No Brasil, historicamente, sempre houve uma legislação muito tímida para barrar a concentração de propriedade dos meios de comunicação. E, nas comunicações, poucos proprietários equivale a menor diversidade de conteúdo, ou a maior possibilidade de restrições à livre manifestação do pensamento. A concentração da propriedade coloca em risco, portanto, os próprios fundamentos da democracia representativa liberal. E o Brasil tem se mostrado um ambiente propício para essa situação, ainda mais prejudicial à sociedade quanto mais consolidada estiver a convergência tecnológica dos meios de comunicação. O modelo brasileiro de mercado de comunicação é caracterizado por dois fatores principais: a hegemonia do sistema privado, embora a Constituição Federal de 1988 estabeleça a complementariedade entre os sistemas público, estatal e privado de comunicação, e a alta concentração de propriedade. Modelo este que foi reforçado durante o período de ditadura militar, entre 1964 e 1985.

O golpe de 1964 no Brasil ocorreu em um contexto de Guerra Fria pós-Revolução Cubana, tendo sido articulado entre setores conservadores do Congresso Nacional e das Forças Armadas, apoiados com informação e recursos por uma estrutura geopolítica pró-Estados Unidos e de “caça aos comunistas”. A quase totalidade dos jornais e revistas brasileiros, principalmente os veículos de grande circulação – como O Globo, O Estado de S. Paulo, Folha de S. Paulo, O Dia, O Cruzeiro – apoiou a declaração da mesa diretora do Legislativo nacional de que a Presidência da República estava vaga, quando, na verdade, o presidente legitimamente eleito, João Goulart, se encontrava em pleno território brasileiro avaliando junto a seus apoiadores se deveria resistir aos golpistas ou não – já que, na sua avaliação, resistência significava provavelmente jogar o país em um confronto armado. Acabaria decidindo por não fazê-lo.

Honrosas exceções de veículos que não apoiaram o golpe de 1964 foram os jornais “Última Hora”, “A Noite” e “Diário Carioca”, que se posicionaram em defesa da Constituição e, portanto, da manutenção de João Goulart como presidente brasileiro. Como consequência desta posição, o Última Hora, o único entre os três jornais que tinha de fato uma circulação expressiva, teve suas sedes no Rio de Janeiro e em Recife (Pernambuco) destruídas na madrugada do golpe, para que deixasse de circular nos dias seguintes. Nos anos 1970, o jornal acabaria vendido à empresa Folha da Manhã S.A., que publica ainda hoje a Folha de S. Paulo. Antes, em 1964, a edição regional de Porto Alegre (Rio Grande do Sul) do Última Hora já havia dado lugar ao jornal Zero Hora, apoiador do regime militar desde sua primeira edição.

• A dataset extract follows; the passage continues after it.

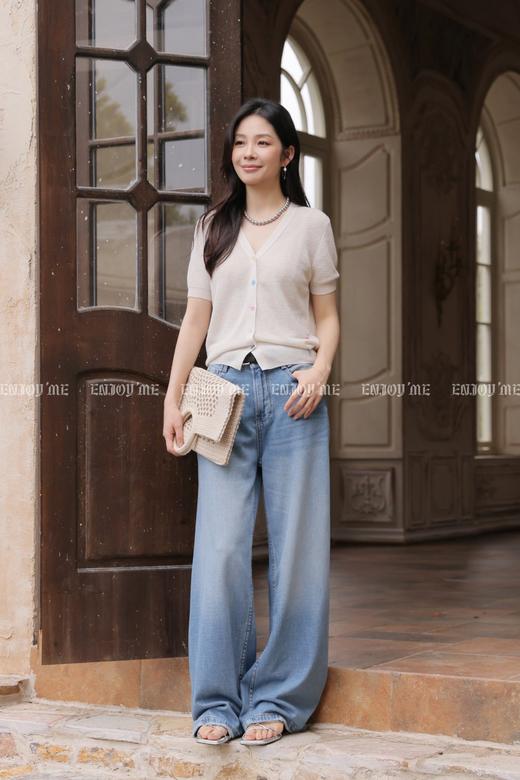 【门店同款】ENJOY夏季苏丹蓝细闪阔腿裤 170496723 商品图0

A relação entre a ditadura militar e o mercado de comunicação no Brasil vai além do aspecto da falta de independência da mídia brasileira em relação ao regime. Os sucessivos governos militares foram os responsáveis em última instância pela correlação de forças no mercado midiático, pois buscavam articulações com empresários para ações de apoio ao governo e fomentavam com recursos públicos a formação de grandes redes de comunicação simpáticas ao regime. As licitações para concessão de canais de televisão eram agrupadas em lotes visando a formação destas redes nacionais, priorizando um modelo concentrador privado de comunicação. Além disso, para implementar seus projetos, os empresários contavam com recursos públicos do Banco Nacional de Desenvolvimento Econômico e Social (BNDES).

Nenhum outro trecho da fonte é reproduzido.